Y él tomó su parábola, y dijo: De Aram me trajo Balac, Rey de Moab, de los montes del oriente, diciendo: Ven, maldíceme a Jacob; y ven, execra a Israel.
8 Maar hoe zal ik vervloeken, Dien God niet vervloekt; Hoe zal ik verwensen Dien Jahweh niet verwenst!
¿Por qué maldeciré yo al que Dios no maldijo? ¿Y por qué he de execrar al que el SEÑOR no ha execrado?
9 Waarachtig, ik zie het van de top van de rotsen, Ik aanschouw het van de heuvelen af: Zie, een volk dat in afzondering woont, En zich niet onder de volken rekent.
Porque de la cumbre de las peñas lo he visto, y desde los collados lo he mirado; he aquí un pueblo que habitará confiado, y no será contado entre los gentiles.
10 Maar wie zal het stof van Jakob tellen, Wie Israëls drommen berekenen? Mocht ik de dood der rechtvaardigen sterven, Mocht mijn einde zijn als het hunne!
¿Quién contará el polvo de Jacob, o el número de la cuarta parte de Israel? Muera mi alma de la muerte de los rectos, y mi postrimería sea como la suya.
11 Maar Balak zeide tot Balaäm: Wat doet ge me nu! Ik heb u ontboden om mijn vijanden te vervloeken; en zie, ge spreekt een zegening uit!
Entonces Balac dijo a Balaam: ¿Qué me has hecho? Te he tomado para que maldigas a mis enemigos, y he aquí has proferido bendiciones.
12 Hij gaf hem ten antwoord: Moet ik dan niet eerlijk spreken, wat Jahweh mij in de mond heeft gelegd?
Y él respondió, y dijo: ¿No cuidaré de decir lo que el SEÑOR pusiere en mi boca?
13 Toen zei Balak tot hem: Kom met mij naar een andere plaats, vanwaar gij slechts zijn uiterste rijen kunt zien, en niet het geheel; vandaar zult ge het voor mij vervloeken.
Y dijo Balac: Te ruego que vengas conmigo a otro lugar desde el cual lo veas; su extremidad solamente has visto, que no lo has visto todo; y desde allí me lo maldecirás.
14 Hij nam hem dus mee naar het Spiedersveld op de top van de Pisga, waar hij zeven altaren bouwde, en op ieder altaar een stier en een ram offerde.
Y lo llevó al campo de Zofim, a la cumbre de Pisga, y edificó siete altares, y ofreció un becerro y un carnero en cada altar.
15 En Balaäm sprak tot Balak: Blijf hier bij uw offer staan: terwijl ik heenga, om een nieuwe verschijning te hebben.
Entonces él dijo a Balac: Ponte aquí junto a tu holocausto, y yo iré a encontrar a Dios allí.
16 En Jahweh verscheen aan Balaäm, legde een woord in zijn mond en sprak: Keer terug naar Balak, en zeg dit.
Y el SEÑOR se encontró con Balaam, y puso palabra en su boca, y le dijo: Vuelve a Balac, y así has de decir.
17 Hij ging naar hem toe, terwijl deze nog bij zijn offer stond met de vorsten van Moab.
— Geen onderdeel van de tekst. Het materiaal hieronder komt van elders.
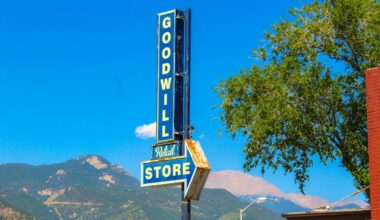 Goodwill Is Hiring In Lubbock For Its Newest Store Location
Balak vroeg hem: Wat heeft Jahweh gezegd?
Y vino a él, y he aquí que él estaba junto a su holocausto, y con él los príncipes de Moab; y le dijo Balac: ¿Qué ha dicho el SEÑOR?
18 Toen hief hij zijn orakel aan en sprak: Sta op, Balak, en hoor: Luister naar mij, zoon van Sippor:
Entonces él tomó su parábola, y dijo: Balac, levántate y oye; escucha mis palabras, hijo de Zipor:
19 God is geen mens, die zijn woord breekt, Geen mensenkind, wien iets berouwt. Zou Hij iets zeggen, dat Hij niet uitvoert; Iets spreken, dat Hij niet houdt?
Dios no es hombre, para que mienta; ni hijo de hombre para que se arrepienta. El dijo, ¿y no hará?; habló, ¿y no lo ejecutará?
20 Zie, ik heb opdracht te zegenen, Ik zegen, en trek het niet terug:
He aquí, yo he tomado bendición; y él bendijo, y no la revocaré.
21 Ik aanschouw geen onheil in Jakob, Zie geen rampen in Israël! Jahweh, zijn God, is met hem, Koningsjubel klinkt onder hem op.
No ha mirado iniquidad en Jacob, ni ha visto rebelión en Israel; el SEÑOR su Dios es con él, y júbilo de rey en él.
22 God heeft hem uit Egypte geleid, Het heeft hoornen als die van een buffel.
Dios los ha sacado de Egipto; tiene fuerzas como de unicornio.
23 Neen, tegen Jakob helpt geen waarzeggerij, Geen wichelarij tegen Israël: Thans wordt over Jakob gezegd, En over Israël, wat God zal doen.
Porque en Jacob no hay agüero, ni adivinación en Israel. Como ahora, será dicho de Jacob y de Israel: ¡Lo que ha hecho Dios!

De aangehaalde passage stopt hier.